- Suhavi Dhillon
Red Light (Red Flag)
- Suhavi Dhillon
(This review contains spoilers!)
It is virtually impossible to be present on the internet and not have a clue about what Squid Game is. The show that portrays the harshest truths of our world with the help of children's games took the world by a storm. Squid Game has made about $891.1 million–roughly forty two (yeah, forty two!) times its budget–and was consistently #1 on Netflix after its release. From a crypto scam, to the dalgona challenge and Mr Beast spending $2 million on recreating the set of Squid Game, it is safe to say that the show has been extremely influential and successful.
But first, what is Squid Game about?
This Korean drama shows 456 debt-ridden contestants competing against each other in seven games played by children for a cash prize of 456 million won. The catch is, for every game that they play, either they win advance onto the next round, or, they die.
The first game they play is Red Light, Green Light, (yes, the one with the iconic doll.) Before they play, the contestants sign a document with three clauses:
1: A player is not allowed to voluntarily quit the games.
2: A player who refuses to play will be eliminated.
3: The games may be terminated upon a majority vote.
The contestants, at the time, do not truly understand the consequences of being eliminated. When the game starts and people start getting shot left and right, the crowd is sent into a frenzy, which naturally makes things worse and more people get shot. After the first game, a vote is taken to decide whether the game should be continued and the majority decide against it.
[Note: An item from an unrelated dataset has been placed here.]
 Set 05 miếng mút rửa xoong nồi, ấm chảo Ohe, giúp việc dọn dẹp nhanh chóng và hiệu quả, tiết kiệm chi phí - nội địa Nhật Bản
This is where things get spicy, because after going back to their lives, back to the debts they owe, the responsibilities they have, the people that rely on them, the contestants willingly come back and risk their lives for the less than 0.3% chance that they might, might, win 456 million won. The show does a painfully accurate job showing just how much man is willingly to sacrifice in the face of desperation. That’s what this is-desperation. The people did not come back because they were greedy, they were desperate. The show depicts poverty not just as a plot device or a build up for a rags-to-riches story but simply to show that it exists. That the cycle of poverty is in fact real and that people are willing to go to the most extreme lengths to get out of this vicious circle. The show does not use loan sharks as convenient villains for the hero to beat up because that’s not how it works in real life, for there are simply too many loan sharks, too many debt-burdened people and too few heroes.
One of the most popular episodes was the sixth one: Gganbu. From the incredibly emotional conversation between #240 (Ji Yeong) and #067 (Kang Sae-Byeok) and #240’s subsequent sacrifice, to #218 (Cho Sangwoo) and #199 (Ali Abdul) ‘s game of cat and mouse, to #456 (Seong Gi-Hun,our main character,) and #1 (Oh-Ilnam) ‘s tear-jerking goodbye, this episode left me SOBBING.
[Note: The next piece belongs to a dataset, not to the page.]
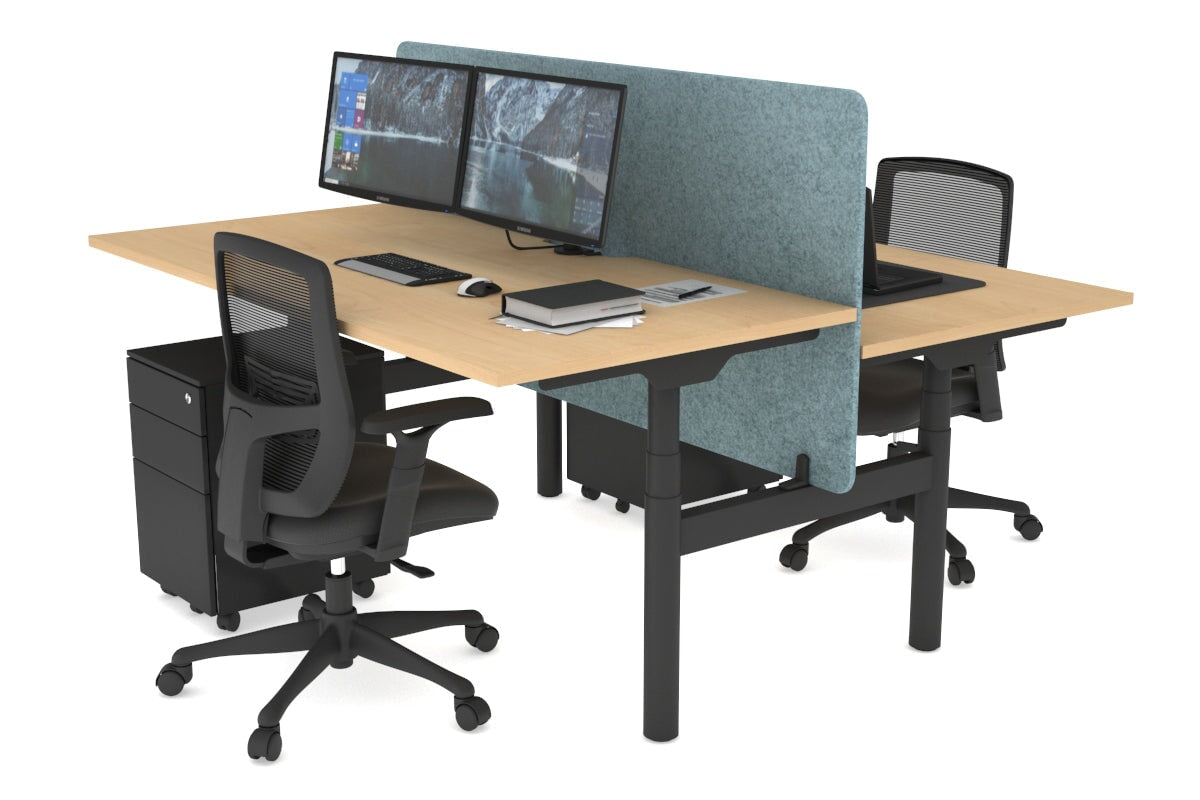 Flexi Premium Height Adjustable 2-Person H Bench Workstation - Black Frame [1200L x 800W with Cable Management] - Ideal for Office, Home Workspace & Collaborative Environments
In the end, the main character does, as always, win.
What I liked the most about Gi-Hun’s character was that they kept his flaws, in fact they showcased his flaws, he was a gambler and a mediocre father/son at best and they made it a point to present him as imperfect. What I didn’t like, however, was how at some points it felt like they were forcing this image of a kind, moral and naive man. They show him repulsed and angry at Sangwoo’s methods in the last few episodes, they show him as the most morally white character, yet, they also show him trying to deceive the old man in the marbles game, they also show him forgetting his daughters birthday and using money his mother gave him for a gift for his daughter to gamble. If hypocrisy is one of the imperfections they were trying to show, then they did a good job.
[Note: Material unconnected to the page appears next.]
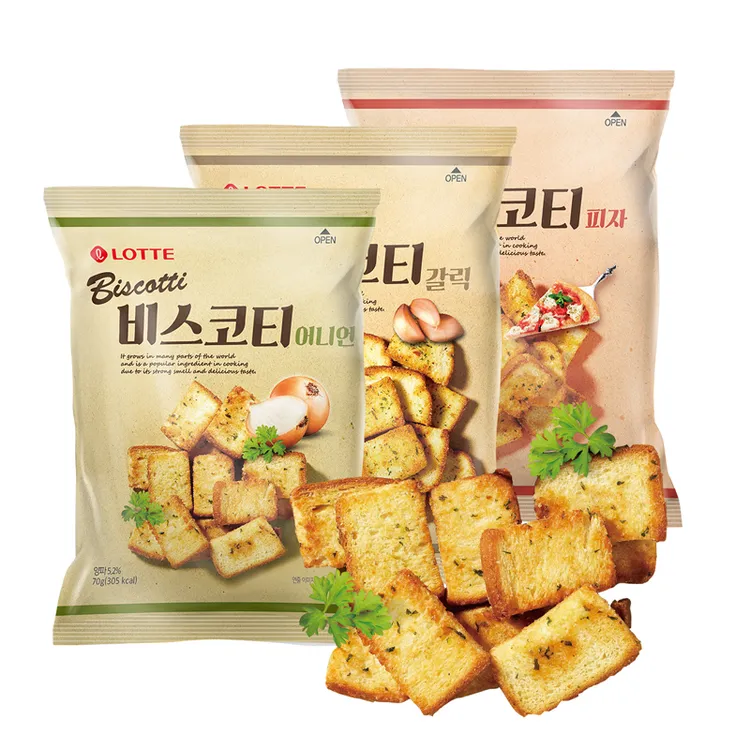 Lotte/乐天韩国进口乐天蒜香面包片酥脆面包干烤馍片早餐饼干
Speaking of Sangwoo, my favourite character actually, I find it really funny that people villainize Sangwoo. They’ve missed the whole point. The system is the villain, the rich people betting human lifes for giggles are the villain, the old man who believes he can actually justify the existence of such a horrific game is the villain, inequality of wealth is the villain, but a man simply trying to win–lest he die–is not the villain. Cho Sangwoo, easily the smartest guy in the show, was, in my opinion, the only person who actually played the game. What is the use of dignity and honour in a world that chewed these people and spat them out in a heartbeat? In a genuine life-or-death situation, would you truly not prioritize yourself?
Even though the show did live up to its hype, there were several things that I wish had been addressed more or in a better manner. The backstory of the police officer and the brother, the history between Sae-Byeok and Deok-su, more about our characters' pasts, and the list goes on. I simply feel like it would have given us a chance to actually connect more with the characters which would have made their deaths significantly more impactful. I also feel like the police officer's death, specifically, was very anticlimactic, the set-up for his plotline was brilliant and had a lot of potential but his death felt very boring and rushed, though a very common fan theory is that he is still alive.
Regardless, the show has incredible cinematography, acting and special effects. The plot and concept is exceptional. While some of the reveals felt a bit underwhelming, the show overall still managed to evoke a variety of emotions in me. I wouldn't say it’s a five-on-five star rated show for me, but, I would personally give it a solid 7.5/10 and would recommend anyone to watch it.